**What you are asked to do**. Give back the whole listing exactly as written, leaving out each picture.

**Data extract**.
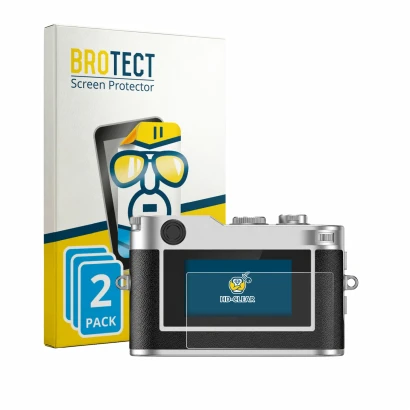 Parte frontal de un envase de producto con el logotipo de la marca BROTECT. Al lado se muestra el dispositivo Rollei Mini Digi
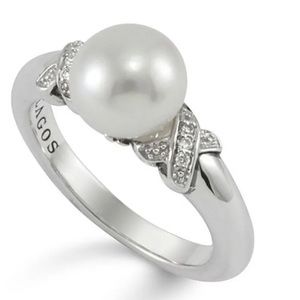 Rare Sold out LAGOS Luna Peal with Diamond Ring Sz 6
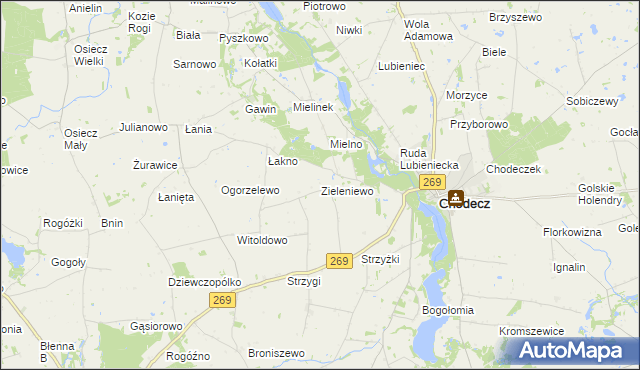 mapa Zieleniewo gmina Chodecz, Zieleniewo gmina Chodecz na mapie Targeo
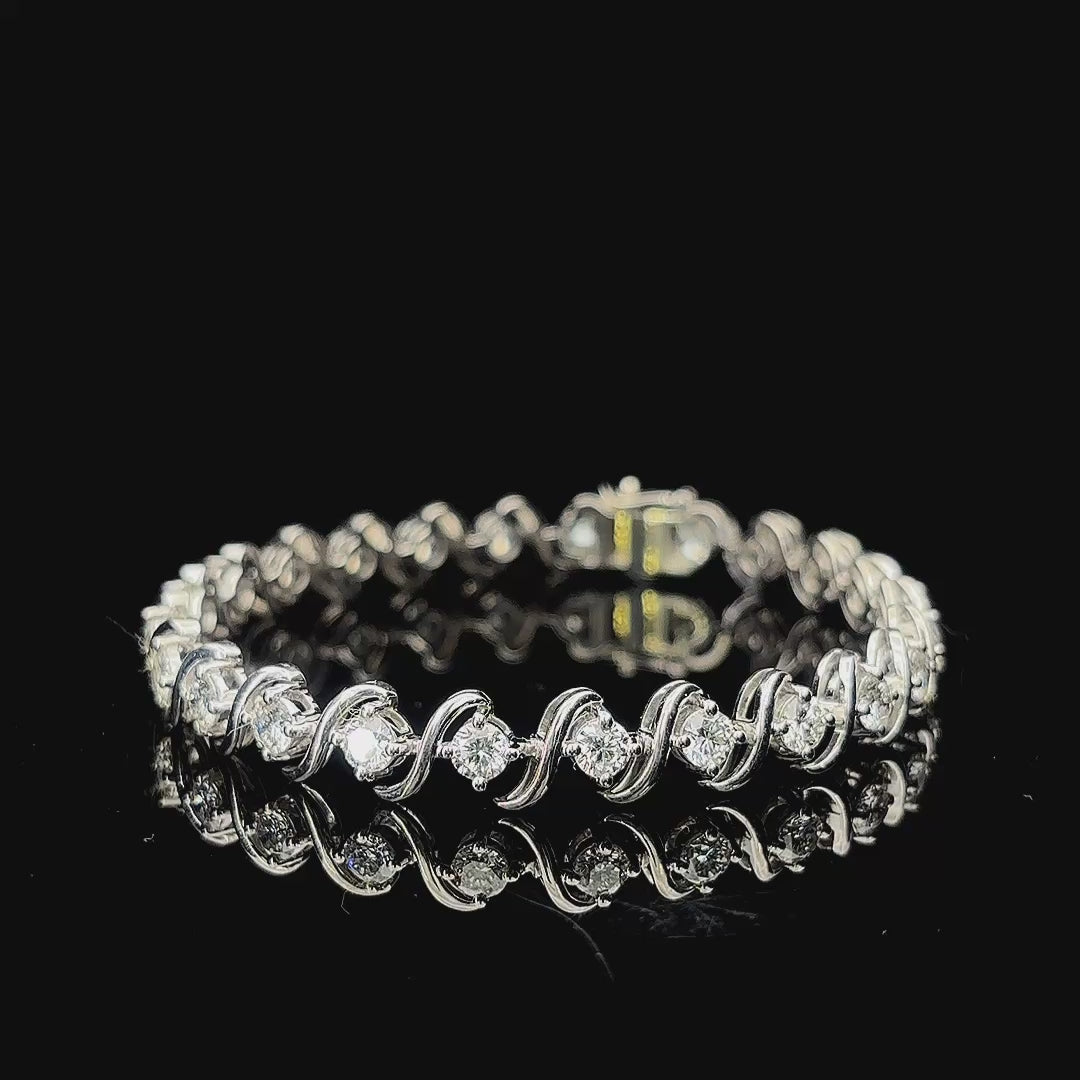 Aarinya Lab-Grown Diamond Wave-Link Eternity Tennis Bracelet, The Centurion Minimalist S-Scroll Interlocking Ribbon Bracelet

**Answer for the task**.
 Parte frontal de un envase de producto con el logotipo de la marca BROTECT. Al lado se muestra el dispositivo Rollei Mini Digi
 Rare Sold out LAGOS Luna Peal with Diamond Ring Sz 6
 mapa Zieleniewo gmina Chodecz, Zieleniewo gmina Chodecz na mapie Targeo
 Aarinya Lab-Grown Diamond Wave-Link Eternity Tennis Bracelet, The Centurion Minimalist S-Scroll Interlocking Ribbon Bracelet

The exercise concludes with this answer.